For her younger brother, who’s the jumper of the family, I wanted him to ride smoother turns between fences. He has a tendency to grab the inside rein and so unbalance his pony and get a jack knife turn. Interestingly, every time this rider used his inside rein, the canter got long and flat and the pony change lead in front. I didn’t want to complicate the actual jump by getting this young rider to ask for a particular lead over the fence, but rather to ride his lines accurately and keep the canter balanced by sitting up and using his outside aids to turn. As soon as he didn’t use his inside hand his shallow loops flowed really nicely and he met the jumps in a better place. He could feel the smoothness is the exercise then.

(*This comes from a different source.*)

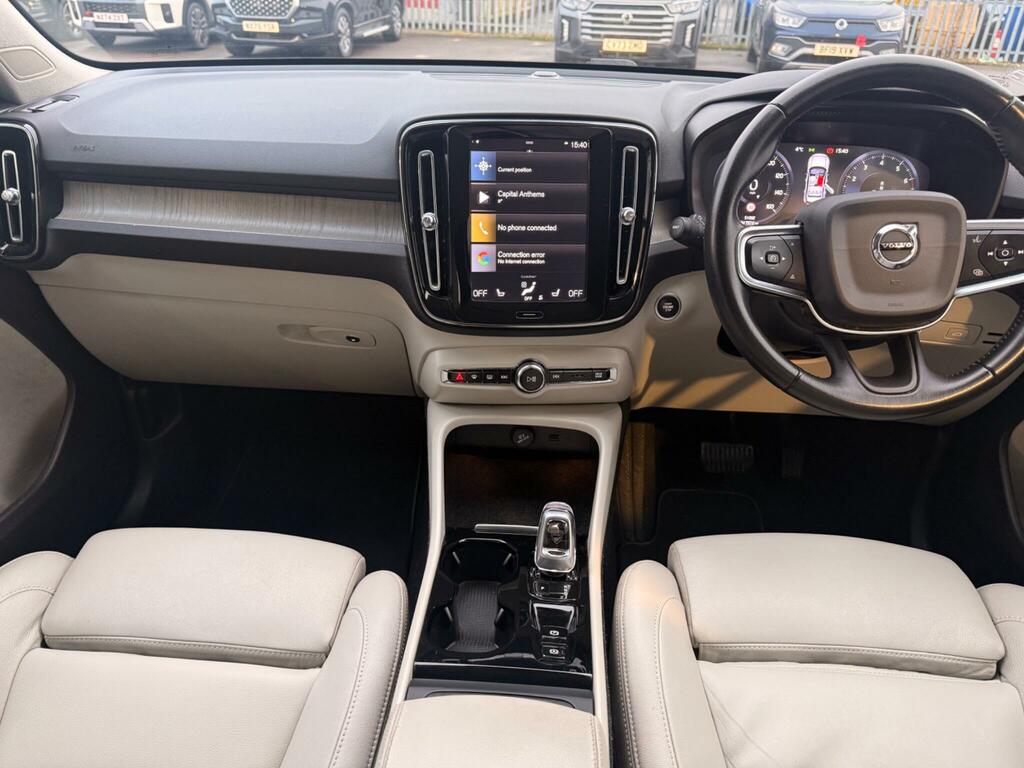 Volvo XC40 2.0 T4 Inscription Pro Euro 6 Ss LM20HLN Blue #4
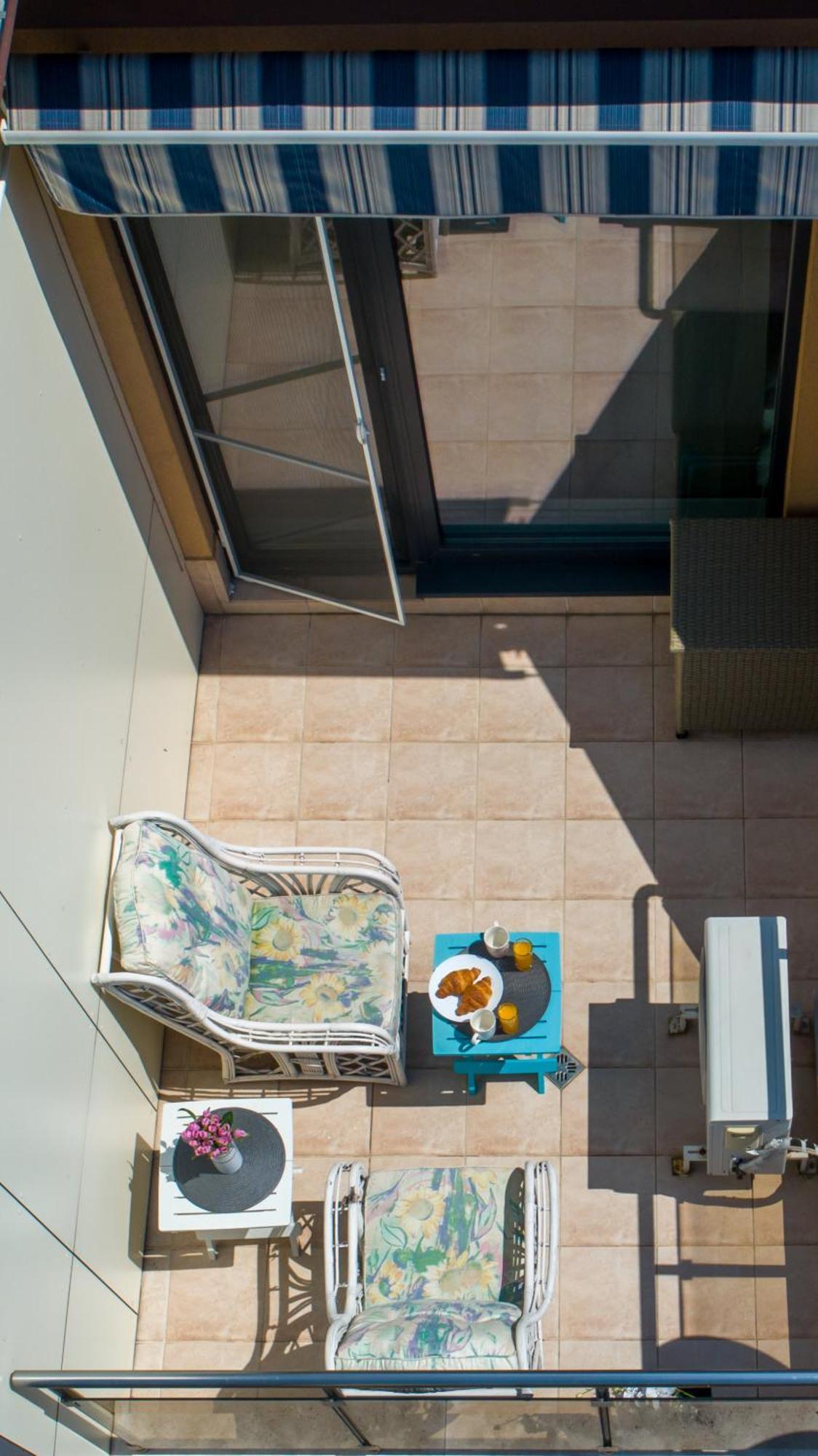 Colorful Studio With Balcony - Free Parking Apartment Sofia Exterior foto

This exercise is really useful at teaching a rider to think and plan ahead; to ride accurate lines and smooth turns. For the horse is it brilliant at suppling them, making sure their listening to the rider and don’t lock on to the grid. There’s not enough time to change canter leads so it’s about riding what you have in that moment of time and keeping the horse balanced so they have the best possible chance of jumping well. It also helps with riding lines and quick turns for jump offs.
Definitely an exercise to remember as it’s a bit of fun, can be broken down to different levels to accommodate a variety of horse and rider abilities and has huge benefits for course jumping.